Input records Block Start

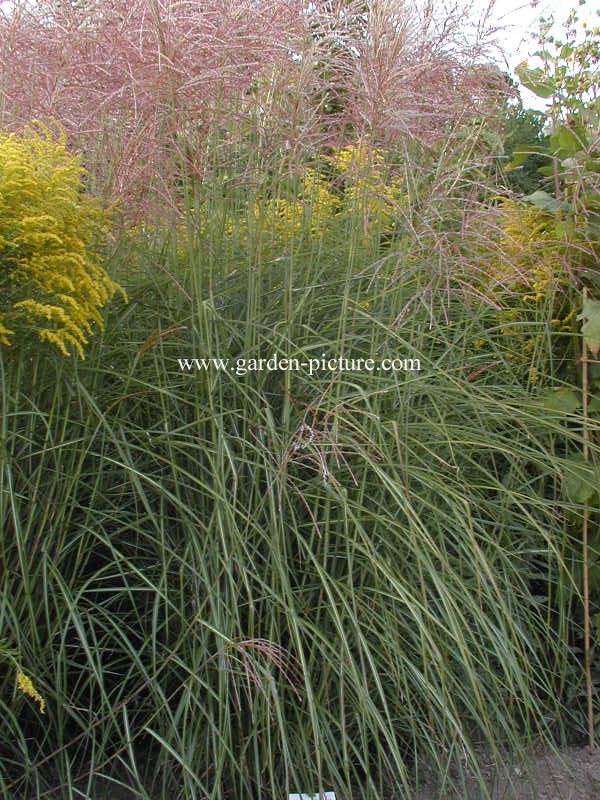 Miscanthus sinensis 'Undine'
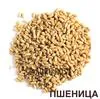 пшеница В Наличии в Казани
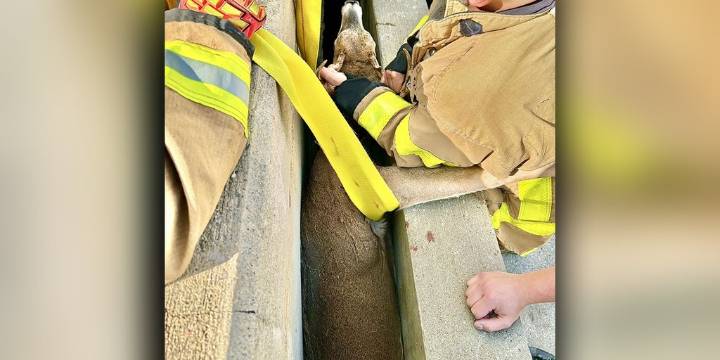 Michigan officials rescue a deer trapped between concrete barriers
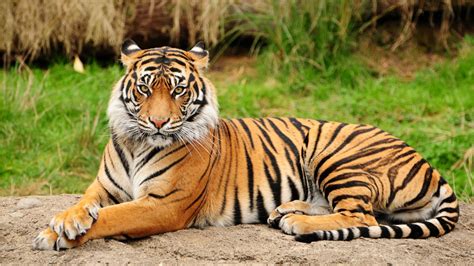 Royal Bengal Tiger | desibantu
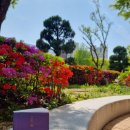 영은세탁소 이미지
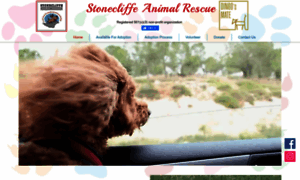 Stoneclifferescue.org thumbnail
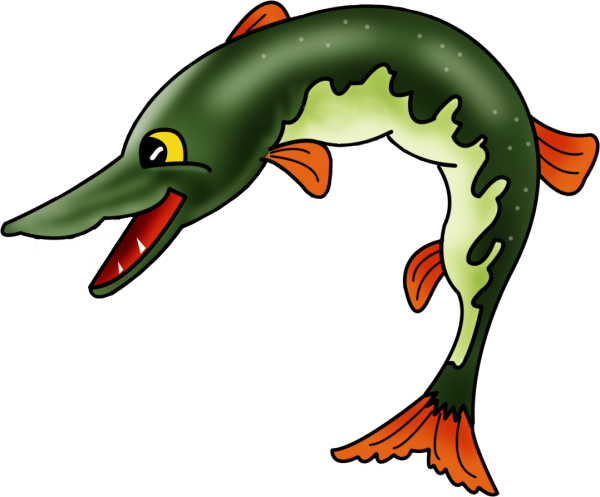 Щука на белом фоне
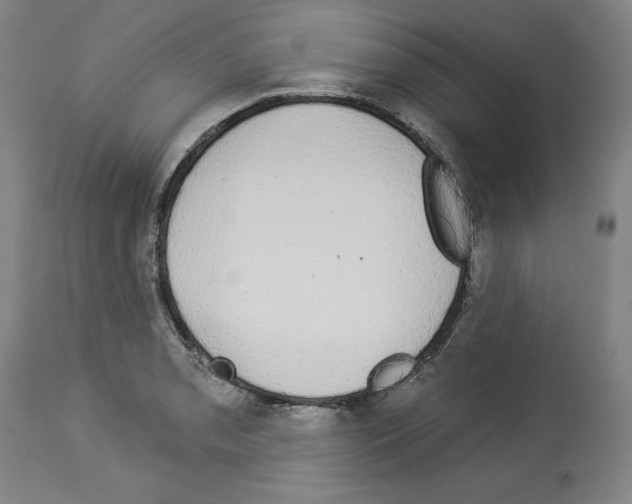 X0000112911085200910051037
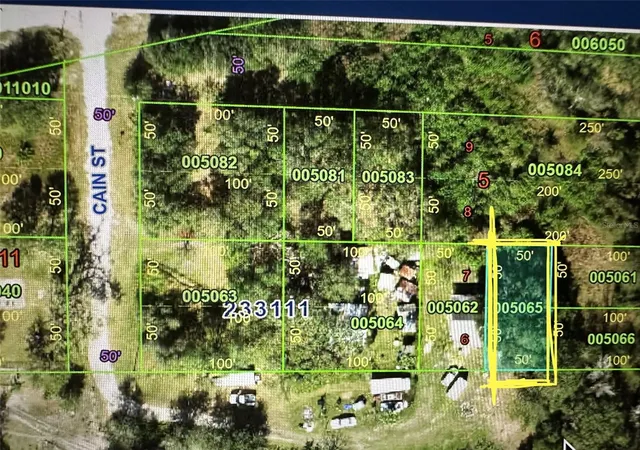 Homes for sale in Mulberry, FL | 0 Cain St, Mulberry, FL 33860 | MLS# S5150496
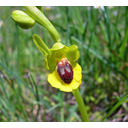 <em>Ophrys lutea</em>, una 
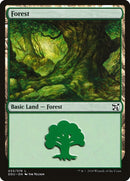 Forest 33 (33) [DDU]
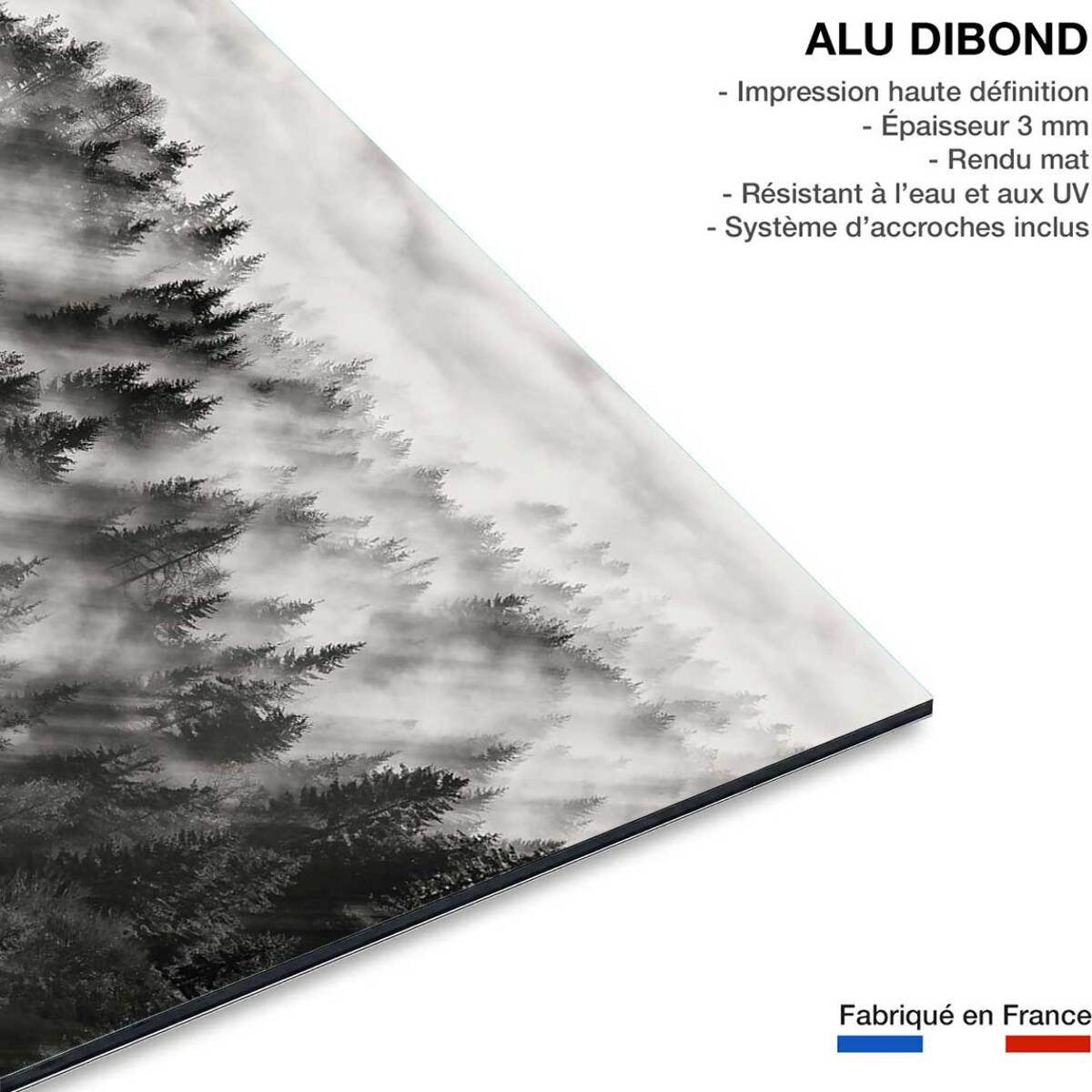 Tableau rayons de lumière Tableau alu Dibond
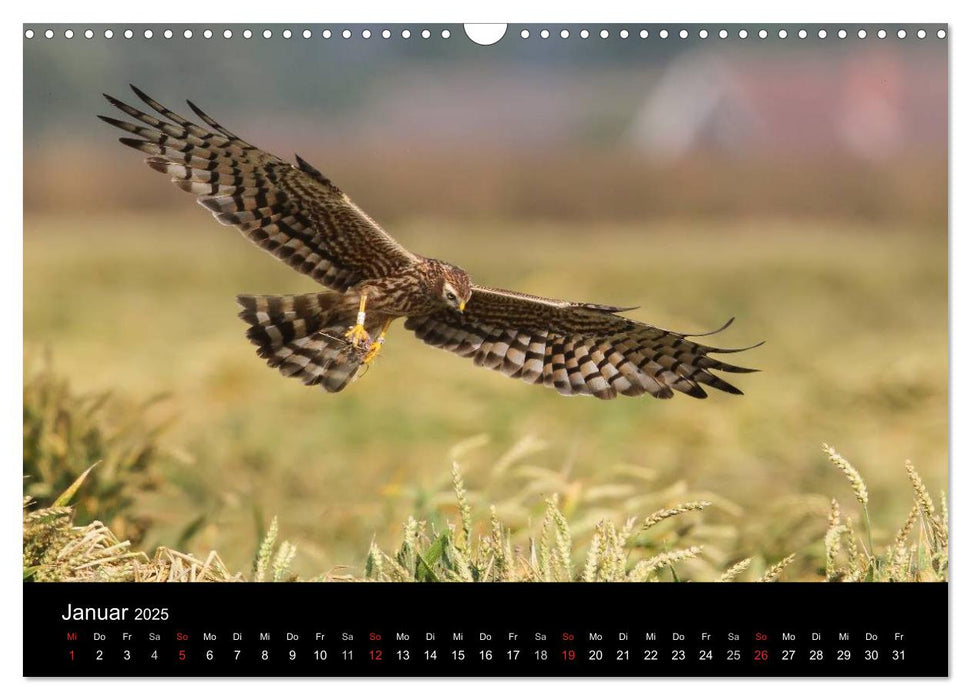 Wiesenweihen in Deutschland (CALVENDO Wandkalender 2025)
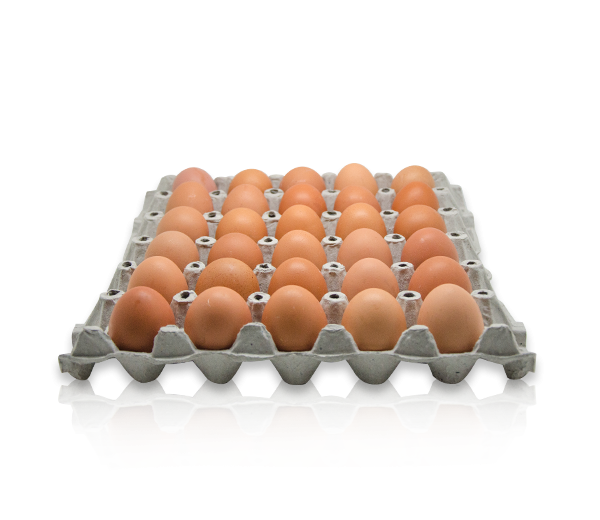 ไข่ไก่ เบอร์ 0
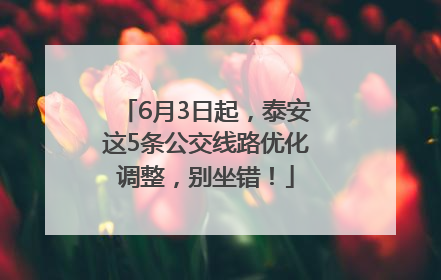 6月3日起，泰安这5条公交线路优化调整，别坐错！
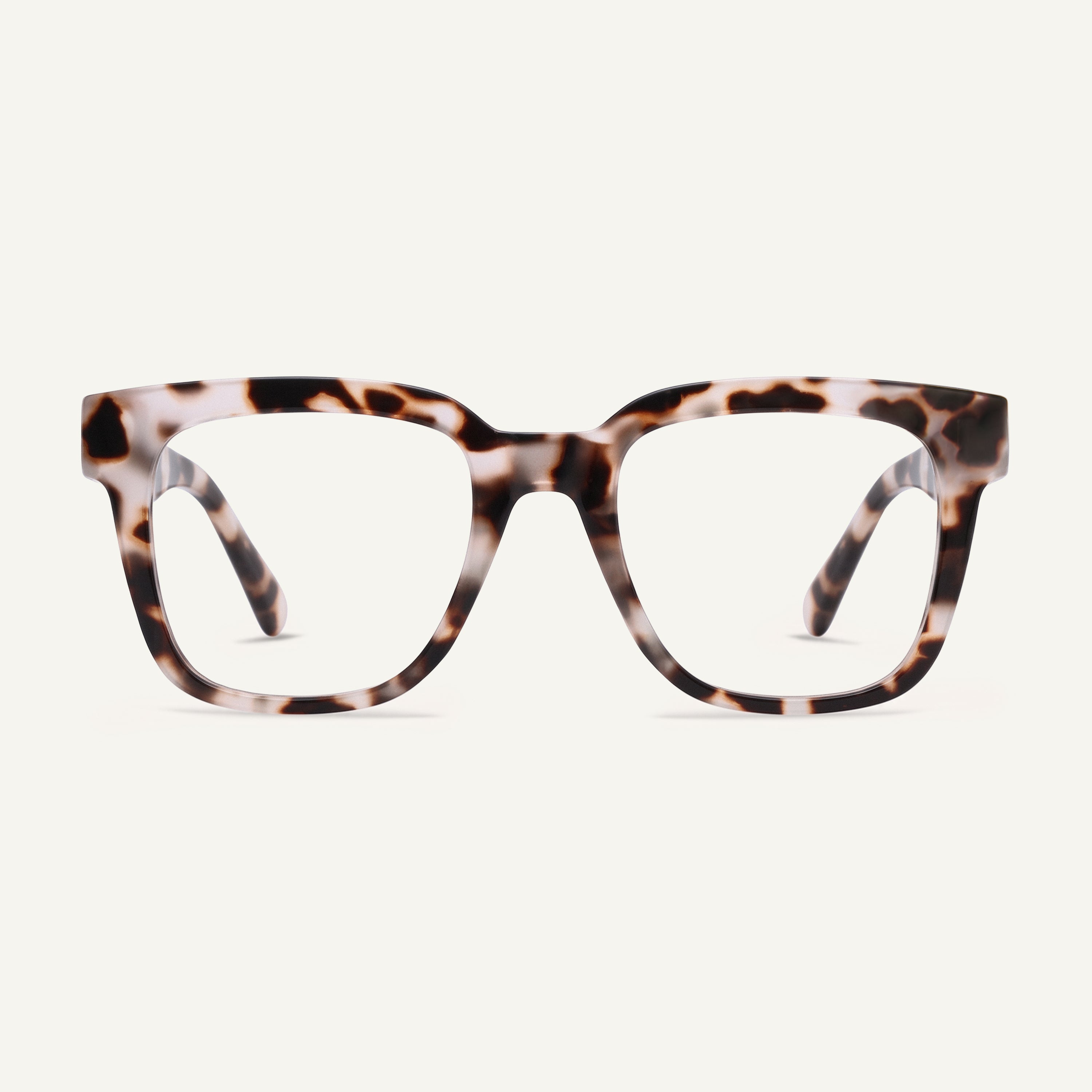 Amalfi Tortoise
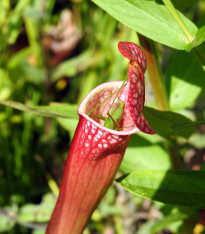 Špirlice křídlatá - Sarracenia alata - semena - 12 ks
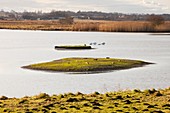 Martin Mere bird reserve,UK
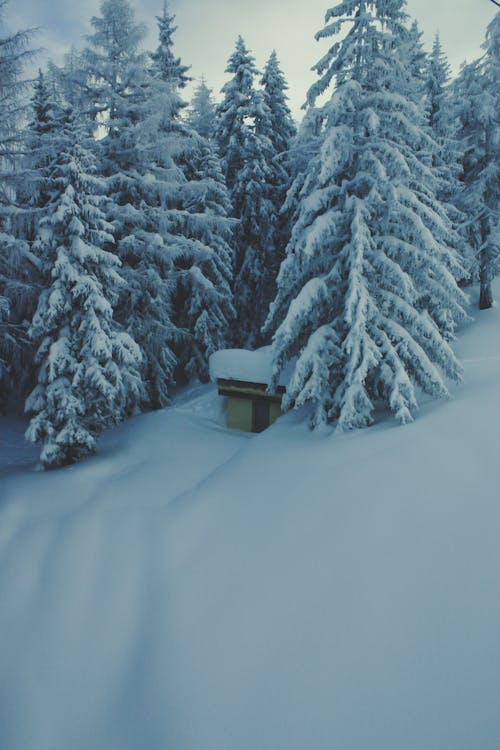 бесплатная Бесплатное стоковое фото с деревья, зима, природа Стоковое фото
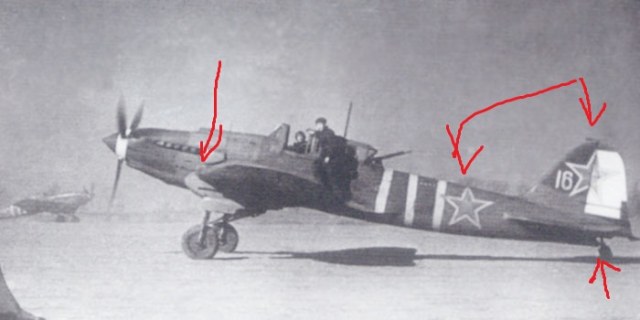 il2m3- silvertail16.jpg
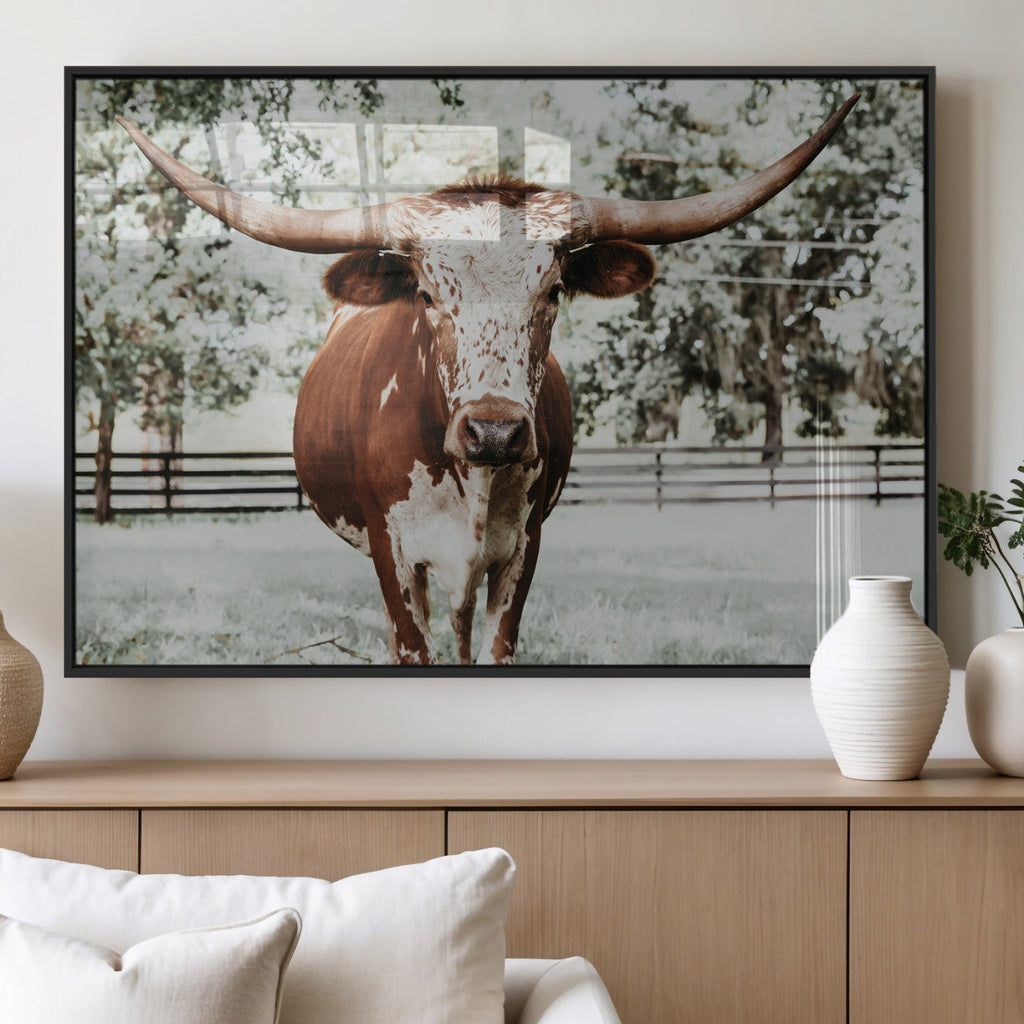 Texas Longhorn Wall Art Canvas Print | Framed Spotted Brown and White Bull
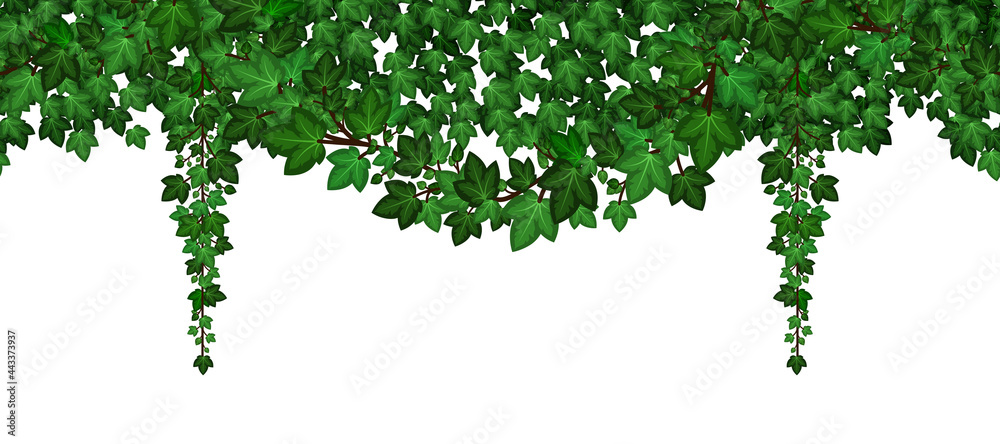 Fototapeta premium Ivy foliage garland. Green climbing and hanging ivy leaves and liana. Summer natural plant wall, repeat seamless pattern. Vector illustration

Input records Block End

» **Work item**
Output exactly, and only, the lines running from the line containing "Texas Longhorn Wall" to the last line of the entries above, omitting the pictures.

» **Solution to this problem**
 Texas Longhorn Wall Art Canvas Print | Framed Spotted Brown and White Bull
 Fototapeta premium Ivy foliage garland. Green climbing and hanging ivy leaves and liana. Summer natural plant wall, repeat seamless pattern. Vector illustration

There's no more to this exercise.